Le Canada a également déployé, en début d’année, un filet fiscal destiné aux particuliers. Depuis le 1er janvier 2015, tous les télévirements internationaux de contribuables canadiens de 10 000 $ ou plus doivent être signalés à l’Agence du revenu du Canada.

Le Canada coordonne ses efforts avec ceux de l’OCDE, dont le Comité des affaires composé de 44 pays, dans ce que l’Organisation appelle la lutte à «l’érosion de la base d’imposition et le transfert de bénéfices» (BEPS selon l’acronyme anglais).

«Lutter contre le BEPS constitue un impératif pour tous les pays et il convient d’agir rapidement, notamment pour empêcher que le consensus sur le système fiscal international existant ne périclite, ce qui aggraverait l’incertitude pour les entreprises, à l’heure où les investissements internationaux sont plus nécessaires que jamais», écrit l’OCDE dans le document publié en 2014 où elle expose son plan d’action (http://tinyurl.com/neleqs3).

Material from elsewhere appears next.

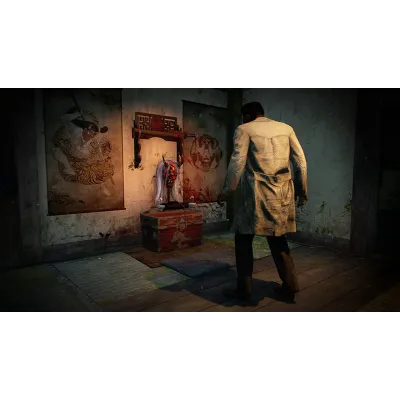 Dead by Daylight STEAM GIFT AUTO RU+МИР - irongamers.ru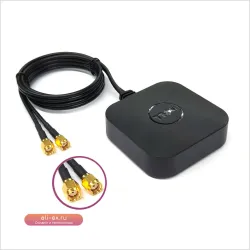 Двухдиапазонная Wi-Fi антенна 2.4GHz/5.8GHz для ПК ASUS, MSI, DELL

Depuis 2013, l’OCDE travaille à des «réponses coordonnées». La solution consiste selon elle à réaligner l’impôt sur les activités économiques et la création de valeur, ce qui passe par «un ensemble unique de règles fiscales internationales fondées sur le consensus».

En juin dernier, le gouvernement canadien a ainsi apposé sa signature à l’Accord multilatéral entre autorités compétentes (AMAC), initiative que chapeaute l’OCDE et qui permettra d’échanger des renseignements sur la fiscalité entre États dès 2018.

«En s’assurant qu’une majorité accrue de personnes respecte les règles, notre gouvernement renforce l’assiette fiscale du Canada tout en réduisant le fardeau fiscal des Canadiens», a affirmé Kerry-Lynne D. Findlay, ministre canadienne du Revenu national, lors de la signature de l’AMAC.

Notons que le gouvernement du Québec a annoncé, en juin également, la création d’une commission qui étudiera le phénomène des paradis fiscaux dès l’automne.

Contre-attaque

Le passage de la théorie à la pratique n’en reste pas moins difficile. Le cas des États-Unis est patent.

En 2001, le Congrès adoptait une loi faisant en sorte que les entreprises qui pratiquent «l’inversion fiscale» n’étaient plus admissibles aux contrats gouvernementaux. Depuis, cette loi a été invalidée.

Qui plus est, les multinationales visées par les mesures des différents pays occidentaux contre-attaquent. Plus tôt cette année, un lobby regroupant certaines des plus importantes entreprises américaines de technologies – Google, Amazon, Microsoft, Intel, Yahoo, Uber, Netflix, eBay, IBM, Twitter et Facebook – soutenait que la «Google Tax» britannique était mal conçue et qu’il fallait la rejeter.

Qui plus est, le débat déborde rapidement dans la sphère politique. Lors de l’annonce d’une éventuelle «Google Tax» par le Royaume-Uni, l’ambassadeur des États-Unis à Londres, Matthew Barzun, déclarait lors d’une entrevue au Financial Times que ces entreprises ne devaient pas être démonisées. «Ces sociétés utilisent de façon brillante les règles que nous, les gouvernements britannique et américain, mettons en place. Et j’espère qu’elles continueront de respecter les règles si celles-ci sont changées.»